Experts have warned that Saudi Arabia's Vision 2030 diversification plan could lead to political stability in the kingdom with the privatisation of state firms only likely to benefit business leaders linked to the rulers of the kingdom.

Vision 2030 was unveiled in 2016 and aimed at accelerating Saudi Arabia's economic transition from oil to non-fossil sectors. When Crown Prince Mohammed bin Salman unveiled it (then deputy crown prince) it included included 80 projects, each costing between $3.7 million and $20 million.

But international experts say they are concerned the plan will not live up to its ambitions and predicted that the Saudi private sector could be hit by a financial crisis this year due to government austerity.

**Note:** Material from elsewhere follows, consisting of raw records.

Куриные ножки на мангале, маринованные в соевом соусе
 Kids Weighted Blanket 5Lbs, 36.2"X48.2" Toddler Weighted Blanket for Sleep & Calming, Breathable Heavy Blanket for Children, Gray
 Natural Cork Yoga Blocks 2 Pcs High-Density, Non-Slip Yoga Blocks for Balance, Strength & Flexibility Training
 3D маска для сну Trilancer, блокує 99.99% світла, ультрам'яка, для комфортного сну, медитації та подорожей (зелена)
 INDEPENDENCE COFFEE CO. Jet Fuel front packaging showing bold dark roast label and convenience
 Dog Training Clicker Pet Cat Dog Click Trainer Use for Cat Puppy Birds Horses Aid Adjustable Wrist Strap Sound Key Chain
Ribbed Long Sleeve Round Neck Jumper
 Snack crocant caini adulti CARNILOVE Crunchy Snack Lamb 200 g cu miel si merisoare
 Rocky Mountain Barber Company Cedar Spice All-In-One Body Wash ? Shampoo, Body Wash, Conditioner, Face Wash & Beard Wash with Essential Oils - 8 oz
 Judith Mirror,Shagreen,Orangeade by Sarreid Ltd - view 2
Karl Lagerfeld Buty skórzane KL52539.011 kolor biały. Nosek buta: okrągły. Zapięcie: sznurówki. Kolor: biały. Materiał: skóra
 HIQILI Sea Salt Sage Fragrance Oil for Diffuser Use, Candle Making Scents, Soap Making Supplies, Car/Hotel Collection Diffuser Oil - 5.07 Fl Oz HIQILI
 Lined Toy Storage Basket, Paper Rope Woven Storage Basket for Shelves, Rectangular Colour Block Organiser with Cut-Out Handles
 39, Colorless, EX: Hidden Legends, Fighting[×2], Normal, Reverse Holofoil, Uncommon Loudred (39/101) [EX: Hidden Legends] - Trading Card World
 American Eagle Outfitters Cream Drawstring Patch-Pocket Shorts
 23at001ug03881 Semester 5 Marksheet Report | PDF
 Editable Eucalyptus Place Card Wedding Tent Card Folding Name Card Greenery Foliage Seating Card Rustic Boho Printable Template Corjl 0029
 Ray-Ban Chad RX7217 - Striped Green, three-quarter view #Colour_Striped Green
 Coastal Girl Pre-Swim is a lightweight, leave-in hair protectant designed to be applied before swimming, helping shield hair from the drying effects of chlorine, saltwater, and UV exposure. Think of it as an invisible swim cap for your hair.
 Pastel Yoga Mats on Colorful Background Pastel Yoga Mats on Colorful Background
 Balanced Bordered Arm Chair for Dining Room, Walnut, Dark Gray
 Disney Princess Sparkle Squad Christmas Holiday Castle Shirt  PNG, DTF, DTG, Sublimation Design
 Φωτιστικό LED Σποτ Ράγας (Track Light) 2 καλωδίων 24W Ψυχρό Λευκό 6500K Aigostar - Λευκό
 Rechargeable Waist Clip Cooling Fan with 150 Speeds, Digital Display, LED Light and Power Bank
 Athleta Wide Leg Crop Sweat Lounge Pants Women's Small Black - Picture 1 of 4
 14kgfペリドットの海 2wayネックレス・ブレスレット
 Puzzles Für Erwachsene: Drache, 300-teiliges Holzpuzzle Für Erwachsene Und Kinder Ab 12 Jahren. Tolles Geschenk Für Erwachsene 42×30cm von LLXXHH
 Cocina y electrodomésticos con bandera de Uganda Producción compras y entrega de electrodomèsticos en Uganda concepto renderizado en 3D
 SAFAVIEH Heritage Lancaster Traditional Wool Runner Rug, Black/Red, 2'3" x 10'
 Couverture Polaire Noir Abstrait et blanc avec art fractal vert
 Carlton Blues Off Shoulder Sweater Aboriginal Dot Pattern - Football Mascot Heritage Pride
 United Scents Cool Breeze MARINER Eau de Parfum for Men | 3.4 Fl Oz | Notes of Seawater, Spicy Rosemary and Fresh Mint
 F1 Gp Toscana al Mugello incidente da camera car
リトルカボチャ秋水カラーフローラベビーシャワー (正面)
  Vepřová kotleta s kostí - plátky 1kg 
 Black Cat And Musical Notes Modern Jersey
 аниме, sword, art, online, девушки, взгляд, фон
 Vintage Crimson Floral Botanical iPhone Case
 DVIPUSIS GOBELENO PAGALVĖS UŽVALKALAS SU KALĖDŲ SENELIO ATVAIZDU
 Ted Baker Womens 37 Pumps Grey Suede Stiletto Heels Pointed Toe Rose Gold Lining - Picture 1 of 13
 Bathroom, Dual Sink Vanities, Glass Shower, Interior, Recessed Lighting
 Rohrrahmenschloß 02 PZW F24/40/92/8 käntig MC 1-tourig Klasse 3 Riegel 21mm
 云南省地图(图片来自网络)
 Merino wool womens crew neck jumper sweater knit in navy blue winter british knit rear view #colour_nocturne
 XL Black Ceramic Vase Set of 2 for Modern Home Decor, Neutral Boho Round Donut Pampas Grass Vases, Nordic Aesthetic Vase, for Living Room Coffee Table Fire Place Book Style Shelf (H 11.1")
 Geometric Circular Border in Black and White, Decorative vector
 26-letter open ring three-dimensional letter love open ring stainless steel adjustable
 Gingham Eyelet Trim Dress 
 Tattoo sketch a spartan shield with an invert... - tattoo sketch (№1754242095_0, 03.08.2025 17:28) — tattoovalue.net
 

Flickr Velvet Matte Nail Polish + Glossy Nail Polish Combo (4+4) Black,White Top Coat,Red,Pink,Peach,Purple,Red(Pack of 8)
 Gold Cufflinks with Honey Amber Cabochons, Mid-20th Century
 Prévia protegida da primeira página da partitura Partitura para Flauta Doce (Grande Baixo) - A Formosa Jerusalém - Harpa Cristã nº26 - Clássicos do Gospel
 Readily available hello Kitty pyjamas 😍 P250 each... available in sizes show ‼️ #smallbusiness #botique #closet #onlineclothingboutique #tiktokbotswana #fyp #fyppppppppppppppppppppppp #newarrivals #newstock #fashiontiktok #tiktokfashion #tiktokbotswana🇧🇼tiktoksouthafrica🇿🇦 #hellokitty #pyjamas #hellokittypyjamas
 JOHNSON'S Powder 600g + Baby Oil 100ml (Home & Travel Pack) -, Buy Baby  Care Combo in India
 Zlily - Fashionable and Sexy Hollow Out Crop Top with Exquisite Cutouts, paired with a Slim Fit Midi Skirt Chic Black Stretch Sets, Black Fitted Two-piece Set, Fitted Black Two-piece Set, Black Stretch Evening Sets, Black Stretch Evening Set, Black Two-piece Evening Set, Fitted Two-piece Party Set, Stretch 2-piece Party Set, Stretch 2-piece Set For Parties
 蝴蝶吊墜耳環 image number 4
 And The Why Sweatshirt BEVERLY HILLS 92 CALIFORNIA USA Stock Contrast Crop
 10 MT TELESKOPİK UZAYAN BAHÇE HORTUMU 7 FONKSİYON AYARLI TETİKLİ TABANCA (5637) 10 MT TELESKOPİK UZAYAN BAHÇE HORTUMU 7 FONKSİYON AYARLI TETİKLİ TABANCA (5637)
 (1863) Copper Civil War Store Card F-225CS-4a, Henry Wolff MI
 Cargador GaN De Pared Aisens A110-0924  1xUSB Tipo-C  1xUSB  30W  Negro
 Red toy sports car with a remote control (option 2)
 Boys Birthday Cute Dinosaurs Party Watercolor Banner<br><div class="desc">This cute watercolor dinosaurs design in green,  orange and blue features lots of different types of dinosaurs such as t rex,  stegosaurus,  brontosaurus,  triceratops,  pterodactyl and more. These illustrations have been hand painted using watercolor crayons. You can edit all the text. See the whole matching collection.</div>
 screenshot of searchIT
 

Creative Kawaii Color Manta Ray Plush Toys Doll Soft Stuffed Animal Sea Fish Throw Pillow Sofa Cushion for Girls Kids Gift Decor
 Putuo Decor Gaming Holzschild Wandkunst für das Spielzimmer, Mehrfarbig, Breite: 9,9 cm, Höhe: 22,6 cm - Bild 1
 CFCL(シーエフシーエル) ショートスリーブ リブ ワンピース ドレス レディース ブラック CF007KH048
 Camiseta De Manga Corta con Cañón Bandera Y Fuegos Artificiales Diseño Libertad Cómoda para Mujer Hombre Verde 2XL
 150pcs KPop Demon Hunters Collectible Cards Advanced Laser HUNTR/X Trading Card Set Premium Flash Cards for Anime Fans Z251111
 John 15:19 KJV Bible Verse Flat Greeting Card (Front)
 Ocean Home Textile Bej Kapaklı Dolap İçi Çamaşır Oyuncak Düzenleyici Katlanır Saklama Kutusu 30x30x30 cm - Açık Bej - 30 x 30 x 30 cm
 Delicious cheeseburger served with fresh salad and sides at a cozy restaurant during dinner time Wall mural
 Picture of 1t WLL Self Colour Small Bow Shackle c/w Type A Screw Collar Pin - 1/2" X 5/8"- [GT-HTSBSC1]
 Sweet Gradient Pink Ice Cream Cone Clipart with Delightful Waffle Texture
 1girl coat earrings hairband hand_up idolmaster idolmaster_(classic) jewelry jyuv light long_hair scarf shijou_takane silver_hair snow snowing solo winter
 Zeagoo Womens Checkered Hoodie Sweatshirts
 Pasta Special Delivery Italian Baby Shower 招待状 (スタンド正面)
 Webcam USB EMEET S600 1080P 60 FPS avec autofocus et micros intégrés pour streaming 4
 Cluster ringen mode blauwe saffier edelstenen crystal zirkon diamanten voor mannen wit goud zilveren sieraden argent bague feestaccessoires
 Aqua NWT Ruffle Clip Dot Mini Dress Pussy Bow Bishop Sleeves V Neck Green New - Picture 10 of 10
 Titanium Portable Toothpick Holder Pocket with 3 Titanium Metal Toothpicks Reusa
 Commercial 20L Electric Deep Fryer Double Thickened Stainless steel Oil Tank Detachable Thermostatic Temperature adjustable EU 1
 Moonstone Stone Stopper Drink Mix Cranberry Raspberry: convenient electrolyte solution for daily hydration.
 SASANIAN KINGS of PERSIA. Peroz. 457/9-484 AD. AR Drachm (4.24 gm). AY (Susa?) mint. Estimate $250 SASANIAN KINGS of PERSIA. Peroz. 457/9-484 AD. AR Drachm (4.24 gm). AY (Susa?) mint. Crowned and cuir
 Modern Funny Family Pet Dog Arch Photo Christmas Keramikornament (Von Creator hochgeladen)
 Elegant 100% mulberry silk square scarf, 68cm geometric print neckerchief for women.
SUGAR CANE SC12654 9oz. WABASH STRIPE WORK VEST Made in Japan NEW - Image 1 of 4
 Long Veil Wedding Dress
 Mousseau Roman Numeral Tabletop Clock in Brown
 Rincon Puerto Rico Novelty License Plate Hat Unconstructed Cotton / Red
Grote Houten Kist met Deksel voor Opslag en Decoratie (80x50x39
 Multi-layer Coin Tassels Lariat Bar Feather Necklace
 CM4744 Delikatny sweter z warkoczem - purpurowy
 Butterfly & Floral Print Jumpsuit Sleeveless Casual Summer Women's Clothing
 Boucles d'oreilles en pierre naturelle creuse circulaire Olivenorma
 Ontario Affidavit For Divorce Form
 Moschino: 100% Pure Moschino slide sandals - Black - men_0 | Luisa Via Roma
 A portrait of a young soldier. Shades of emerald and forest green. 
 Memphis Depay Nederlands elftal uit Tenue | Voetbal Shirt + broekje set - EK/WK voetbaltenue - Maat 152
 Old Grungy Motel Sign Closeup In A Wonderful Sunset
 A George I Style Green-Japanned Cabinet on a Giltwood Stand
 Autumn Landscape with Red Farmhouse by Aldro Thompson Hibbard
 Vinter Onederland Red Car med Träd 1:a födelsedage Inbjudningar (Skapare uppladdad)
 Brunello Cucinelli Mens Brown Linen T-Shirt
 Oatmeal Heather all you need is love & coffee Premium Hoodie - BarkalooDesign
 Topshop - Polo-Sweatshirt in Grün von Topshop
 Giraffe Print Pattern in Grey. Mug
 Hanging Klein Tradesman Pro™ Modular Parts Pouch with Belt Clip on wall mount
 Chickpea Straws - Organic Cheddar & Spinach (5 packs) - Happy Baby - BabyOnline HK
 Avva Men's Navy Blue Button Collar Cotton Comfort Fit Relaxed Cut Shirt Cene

They also voiced concerns about a lack of funding available for local banks and geopolitical risks caused by the Gulf crisis, with Riyadh leading a blockade on neighbour Qatar.

These factors could make private investors more hesitant about investing in Saudi Arabia.

"The Saudi plan is trying to strike an impossible balance between economic austerity and economic activity in the private sector, but this could lead to a slowdown in economic growth," said Jean Michael Saliba, an economist at Bank of America Merrill Lynch in a research note.

In a paper published at the Gulf Institute for Studies in Washington, senior resident scholar Karen E. Young warned against making mistakes in Saudi Arabia's reform plans, as in Eastern Europe in the 1990s.

The economic shock caused by the quick and widepread liberalisation of former communist economies led to popular revolts against governments at the time due to the financial impact on the poorest people in East and Central Europe.

Young - who recently published a book on the political economy of energy in the Gulf region - pointed to the obstacles faced by Vision 2030. She said one problem will be that Riyadh has for decades relied on the disbursement of oil wealth but failed to move away from a reliance on the petrochemical industries.

While the goals of Vision 2030 were to develop the country's economy and benefit the average Saudi citizen, they may eventually serve the business families associated with the state and have relations with the royal family, Young added. 

Bids are given to companies with close ties to the royal family.

Bloomberg reported this month suggested that Saudi Arabia faces a fiscal deficit and an unprecedented slowdown in growth.

Other financial experts appear to agree and said the danger for Riyadh now is that it could get "caught in this cycle of constantly redrafting these strategy documents", as Griffiths at Control Risks said.

"You get involved in this kind of constant theoretical redrafting and outlining of goals and strategies and government structures and you never get around to doing actual concrete work."